De directe aanleiding is een ‘conflictje’ met de verhuurder van het pand, de organisatie Meneer de Wit. Malasch: “Dit is een broedplaats, wat inhoudt dat kunstenaars hier de buurt wat mogen komen opleuken. Men vond het nodig om mijn huur, elk jaar, met duizend euro op te schroeven. Tja, zo komt de bodem van de schatkist snel in zicht.”
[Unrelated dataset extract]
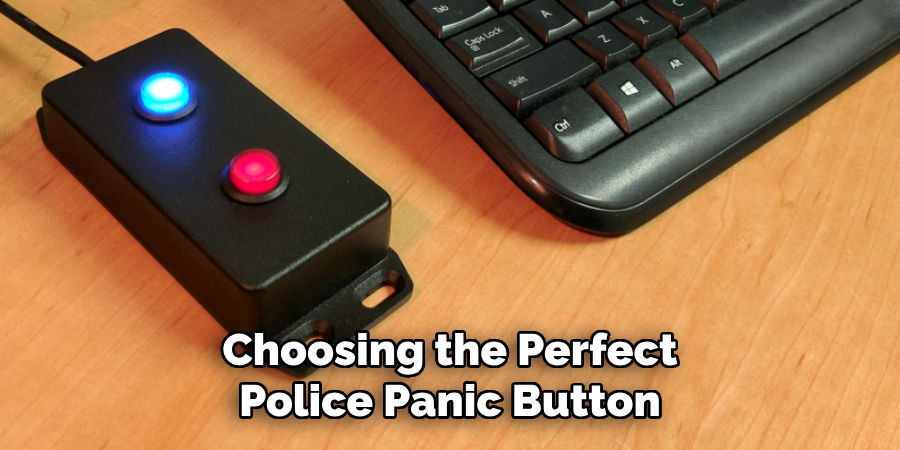 Choosing the Perfect Police Panic Button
Malasch begon op de Rietveld Academie, maakte de stap naar experimenteel theatermaker en choreograaf, profileerde zich als venijnig columnist, en werkte jaren in New York, onder andere als kunstcorrespondent voor deze krant. In 1993 reisde hij mee naar China in de entourage van kunstduo Gilbert & George en ontdekte daar bij toeval een aantal jonge Chinese up & coming kunstenaars. Voor een grijpstuiver nam hij een paar schilderijen mee, die hij zeer goed wist te verkopen. Met het geld kocht een pand aan de Lauriergracht en opende zijn galerie Serieuze Zaken Studioos. In 2011 verkaste hij onder de naam Meneer Malasch naar de broedplaats aan de Postjesweg. Met bovenstaande gevolgen.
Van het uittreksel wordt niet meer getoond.